Richard Secrist, the city’s senior planner was not present, but in his recommendation report he noted, “The digital age has brought with it tremendous change, not the least of which is the way we communicate with one another, and the tools with which we do it. Whether we communicate with smart phones or tablets, our computers, interactive televisions, or our GPS navigation systems, volumes of information are readily available at our fingertip. This is also true for the medium of advertising.”
He added that is the size and location of the public announcement board is carefully planned, “there’s no reason to believe (the sign) will be any more intrusive or unsafe than conventional signage.”
Sandra Ramaker, president elect of the Mesquite Chamber of Commerce, told the council, “The chamber is all for this.”
Rapson asked Willis if adopting the ordinance would mean commercial signs also could be erected.
Willis said the ordinance was drafted with the intention of only public service announcements being displayed. Following Gustaveson’s motion, the council unanimously passed the bill into law.
Wier pulled two items from the agenda at the beginning of the 5 p.m. meeting, held in Mesquite City Hall, 10 E. Mesquite Blvd.
The chamber had requested a $1,600 sponsorship from the city for the Oct. 12-13 Gold Butte Festival, half marathon and 5k race. But the money had been provided by the city police department.

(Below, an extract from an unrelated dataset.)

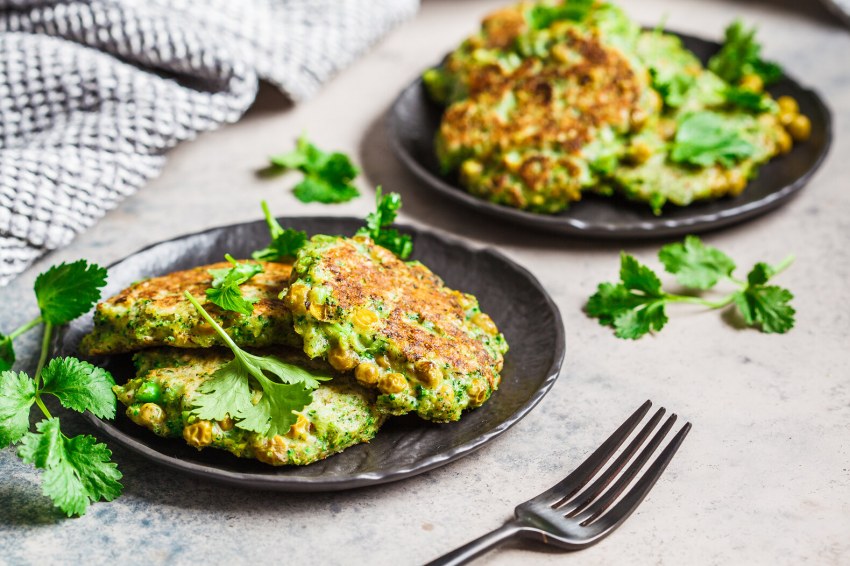 Кабачковые оладьи с кукурузой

City Manager Andy Barton also had suggested the Sept. 25, 2012, regularly scheduled council meeting be held at the Grille Room, 100 Palmer Lane. After the meeting Barton explained the timing wouldn’t work to hold the meeting in a smaller facility, as some important items will be on that agenda. He also noted that he heard concerns about a meeting held elsewhere than the council chambers could not be televised. He told the MLN he may consider other ways for an outreach to the public.
In other action, however, the council unanimously agreed to:
n Approve the 2012 Flood Control Master Plan Update and recommend the Regional Flood Control District Board adopt it. It includes $39 million in improvements over a 10-year period. Rapson commented, “Hopefully we won’t get a third 500-years flood during the next 10 years;
n Pass Resolution No. 742, approving an additional contract with the Regional Transportation Commission for the Lower Flat Top Drive Project. The previous contract was for just over $1 million. The second would be for $361,264. Development Service Director Kurt Sawyer noted the RTC would reimburse the city 100 percent of any construction costs, for items left undone after the first contract, such as widening some streets. But not that much remains to be done, so much of the funding will go to other projects;
n Approve an Interlocal Agreement, 10-year lease with the BLM to located its single-engine, fire-fighting tanker plane at the Mesquite Airport for an annual fee of $12,157.50. Gustaveson asked if during that time more aircraft might be added. A second is possible, but flights are limited to the daytime hours. Nonetheless, Gustaveson suggested allowing public comment from neighbors before additional aircraft are housed there’
n Accept $117,000 from the RTC for maintenance and reconstruction of city streets, increasing the RTC contribution to $658,971. That will be used toward the city’s $1.4 million 2012 Phase 1 Arterial & Collector Street Reconstruction Project’
n Amend its contract with Forsgren Associates, Inc., for the design and bidding services for the Pioneer Shared Use Path. Total cost is to be $58,795. The Nevada Department of Transportation is to provide 90 percent of the funding;
n Approve transferring the gaming license for Maverik, 14 N. Sandhill Blvd., to United Coin Services; and to
n Agree for Virgin Valley Family Services (VVFS) to renovate and occupy addition space in the Old Gym on First North Street. That’s the location for the Mesquite Boxing Club, which VVFS sponsors. VVFS will move out of its old offices and consolidate it services in the historic gym building.